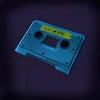 Cassette 02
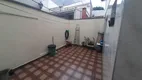Foto 39 de Sobrado com 3 Quartos à venda, 160m² em Limão, São Paulo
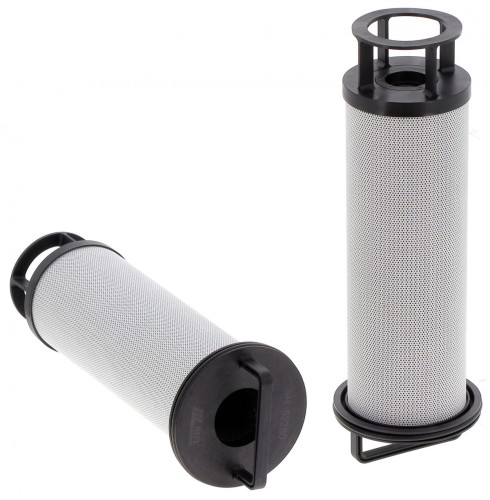 Filtr hydrauliczny SH52280 Hifi Filter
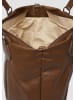 s.Oliver Tasche in 8922_dunkelbraun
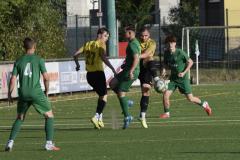 K1024_Stadtpokal-Finale-83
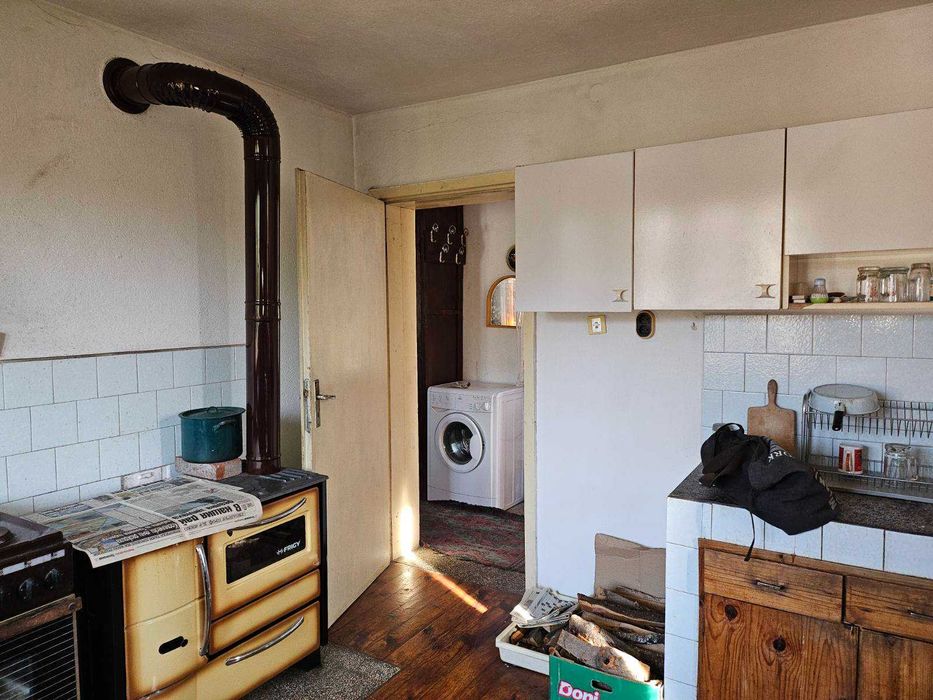 Продава се Къща в с. Глоговица, Област Перник - 216 кв.м за 297 €/кв.м - Снимка #9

========

**ACTIVITY**
Could the lines from the one with "Foto 39 de Sobrado" through the last line of the material above be written out exactly, both included, with pictures left out?

**EXPECTED ANSWER**
Foto 39 de Sobrado com 3 Quartos à venda, 160m² em Limão, São Paulo
 Filtr hydrauliczny SH52280 Hifi Filter
 s.Oliver Tasche in 8922_dunkelbraun
 K1024_Stadtpokal-Finale-83
 Продава се Къща в с. Глоговица, Област Перник - 216 кв.м за 297 €/кв.м - Снимка #9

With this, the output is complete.